Nova Scotia

3 Nova Scotia Bacchus biker gang members convicted of intimidation, extortion

Nova Scotia judge also rules the Bacchus Motorcycle Club is a "criminal organization," the first time the Criminal Code designation has been used against an outlaw biker gang in the province.

Judge rules gang a 'criminal organization' under Criminal Code — first time designation used in Nova Scotia

Nova Scotia Supreme Court Justice Peter Rosinski agreed that Bacchus Motorcycle Club is a criminal organization. (Mathieu Bernier/Radio-Canada)

A Nova Scotia judge has declared the Bacchus Motorcycle Club a "criminal organization," the first time the Criminal Code designation has been used against an outlaw biker gang in the province.

The group, which has links to the Hells Angels, is the largest motorcycle gang in the province. The designation now means prosecutors can try to seek stiffer sentences for Bacchus members who commit serious crimes to benefit the club.

The case revolves around the 2012 arrests of three Bacchus members who were accused of threatening, harassing, intimidating and extorting a man who tried to bring a chapter of the Montreal-based Brotherhood Motorcycle Club to Nova Scotia.

In June, Nova Scotia Supreme Court Justice Peter Rosinski convicted Patrick Michael James and David John Pearce, both of Dartmouth, N.S., and Duayne Jamie Howe, of Grand Desert, N.S. 

According to the written decision released last week, Rosinski also declared Bacchus a criminal organization, relying in part on testimony from an Ontario biker gang expert who said at trial that Bacchus encouraged members to commit crimes in order to maintain the club's dominance in Nova Scotia.

The trio were charged in September 2012 after RCMP searched four locations, including the Bacchus clubhouse on Hogan Road in Nine Mile River, N.S. They seized vests displaying the "1%" patch, a designation the openly boasts it is an outlaw biker gang.

Patrick Michael James was sergeant-at-arms for the Halifax/Hants County chapter of the Bacchus Motorcycle Club in 2012. (CBC)

During trial, the court heard that the victim, identified in the court decision only by the initials R.M., and two of his friends were seen on Facebook in the summer of 2012 wearing one-piece Brotherhood patches on the backs of their vests.

James, the court decision said, was furious and told the man he couldn't wear them in their territory.

James ordered R.M. to provide destroyed Brotherhood patches to him the next day and post on Facebook that no Brotherhood chapter was coming to Nova Scotia. R.M. and the Brotherhood complied.

James, Howe and Pearce continued to feel disrespected. On Sept. 14, 2012, they violently confronted R.M. when he showed up at a fundraiser for the Bikers Down Society in Lower Sackville, N.S., riding his motorcycle.

R.M. was threatened with serious bodily harm and told to leave, according to the court decision. He was also ordered never to ride motorcycle or attend motorcycle events again in Nova Scotia.

R.M. and his wife sold their motorcycles and never rode again. They also had a panic alarm installed in their home.

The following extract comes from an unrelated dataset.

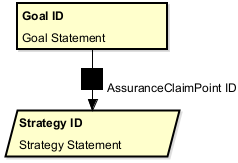 SupportedByとAssuranceClaimPoint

David John Pearce is one of three Bacchus motorcycle club members convicted of uttering threats, criminal harassment, intimidation and extortion. (CBC)

Staff Sgt. Len Isnor, of the Ontario Provincial Police Biker Enforcement Unit, testified that Bacchus condoned and encouraged serious criminality by its members in order to maintain its reputation as the dominant 1% motorcycle club in the Atlantic provinces, and to reap material benefits for its members, Rosinski said.

"He was of the opinion that the BMC has several intertwined main purposes or activities: most importantly is the protection of its reputation the 'power of their patch'; others include, the commission of serious criminal offences, and protection of the organization's survival, and taking any steps necessary to ensure that the BMC not only survives, but flourishes," Rosinski wrote.

There were approximately 80 members of the Bacchus Motorcycle Club in 2012. Almost 60 per cent of its membership had criminal records.

Bacchus motorcycle club member Duayne Jamie Howe. (CBC)

At trial, Isnor told the court that plans to have the Bacchus Motorcycle Club in Moncton promoted to a Hells Angels prospect club in 2001 did not materialize. Just months before, police raided the Hells Angels Halifax clubhouse and arrested most of its members. The Hells Angels club lost its charter when its membership dropped below six people.

"We never really knew what happened to the Bacchus chapter because there's really no minutes that we were able to intercept to advise what happened with the vote," Isnor said.

"We suspect one of two things — they either voted against the Bacchus becoming a Hells Angels prospect chapter or the Bacchus withdrew — they decided this is not what they wanted and withdrew."